Well, I’m stuck… I felt like I’d made great progress on the EPIC side and that I had things fairly nicely decoupled, but then I went to implement the same thing on the Poker side, and whoops, circular dependencies because of one function that I need in the room!
I’m actually taking this as a sign that it is not decoupled well, but if it’s not (and even if it is), I’m stuck without changing Poker. The only other thing I can think of to do is have the client-side make all the calls through the websocket, but even that would be kind of ugly with poker code throughout several namespaces in EPIC and client-app code thoroughly throughout poker when it comes Poker’s turn to send data to EPIC.
Circular dependencies are one of those problems that feel personal. The code is telling you something about how you organized your thinking, and you do not want to hear it. In my case, the issue was that EPIC and Poker both needed to talk to each other, but neither was designed with a clean boundary between them. One function in the room namespace was the thread pulling the whole sweater apart.

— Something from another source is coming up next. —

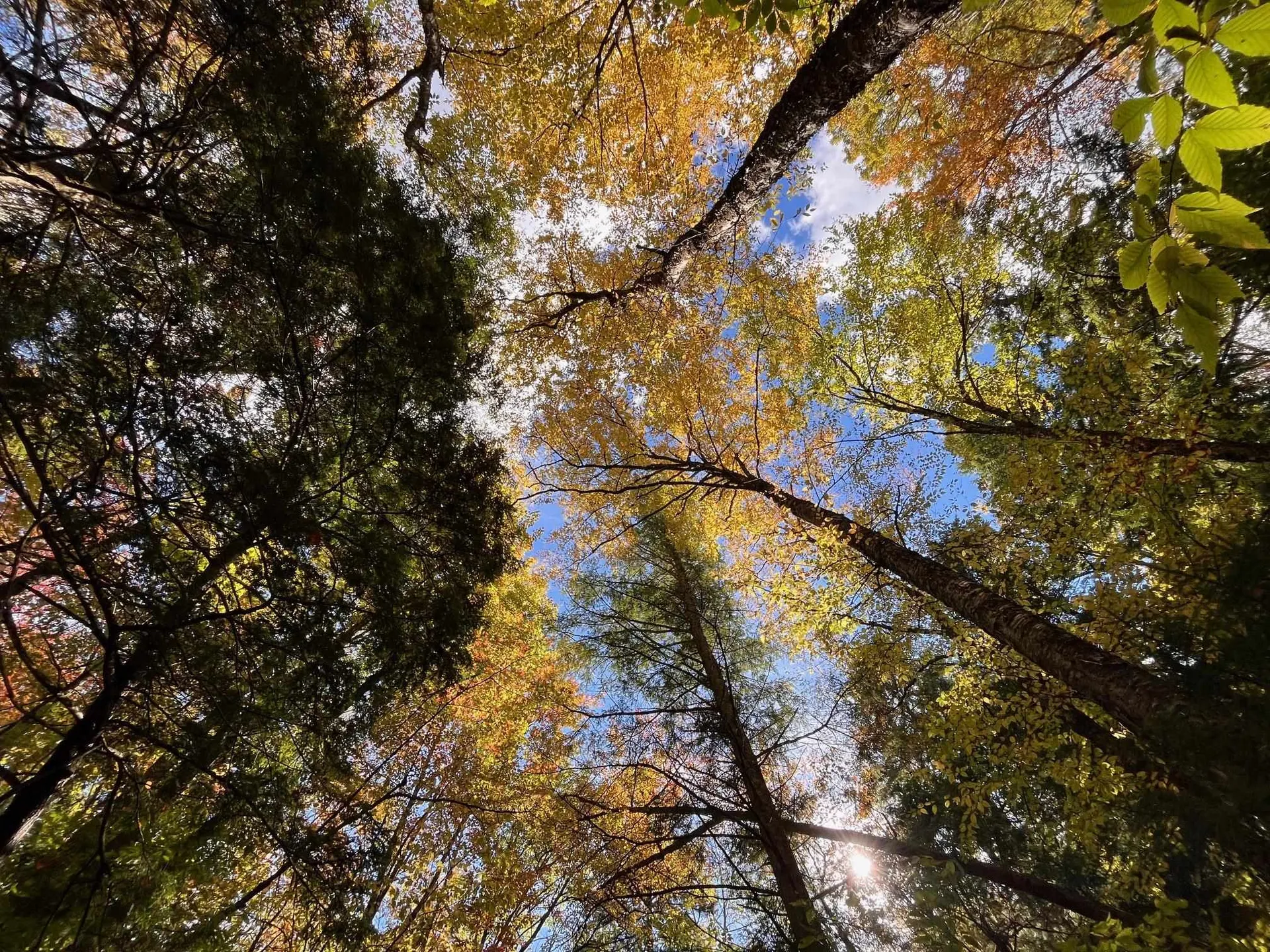 00 German Flats Road Fayston VT 05673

This is exactly the kind of thing that refactoring exists to solve, but it is also the kind of refactoring that feels risky when you do not have good test coverage to catch what breaks. The lesson I keep re-learning is that coupling problems are design problems, and design problems do not fix themselves by adding more code on top. You have to go back and restructure, which means accepting that the progress you thought you made was actually just velocity in the wrong direction.

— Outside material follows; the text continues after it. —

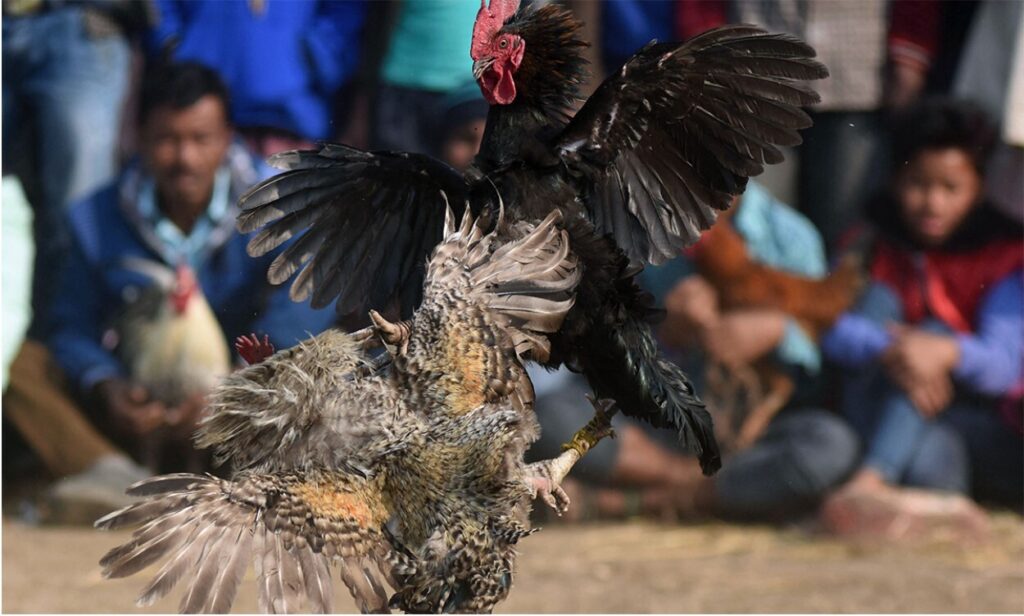 Giới thiệu về đá gà 88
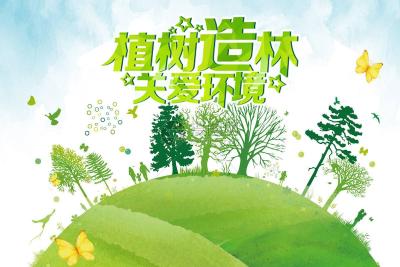 汉川：植树造林 你我同行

In hindsight, this was a turning point. Getting stuck here forced me to think about architecture differently -- about interfaces between systems, about which side should own the communication, and about the cost of taking shortcuts early. The HTTP linking challenge that came later was essentially the same lesson, just wearing different clothes.
Rex & Leo:
All my boys are back home now after their exciting & busy weekend up north. They landed last night just before midnight and got home around 1am, so they were tired today.
They came home much more grown up than when they’d left. It’s amazing how much change takes place in just four days when you’re in your toddler years. Leo came back pronouncing words much more clearly and had picked up several new words--he got very frustrated with me this evening though, when I couldn’t understand a word he wanted me to draw on his chalkboard--that was an event.
And Rex’s speech fluidized tremendously over the four days. To be able to see/hear a change in just those short days is very eye-opening as to how much they change each day.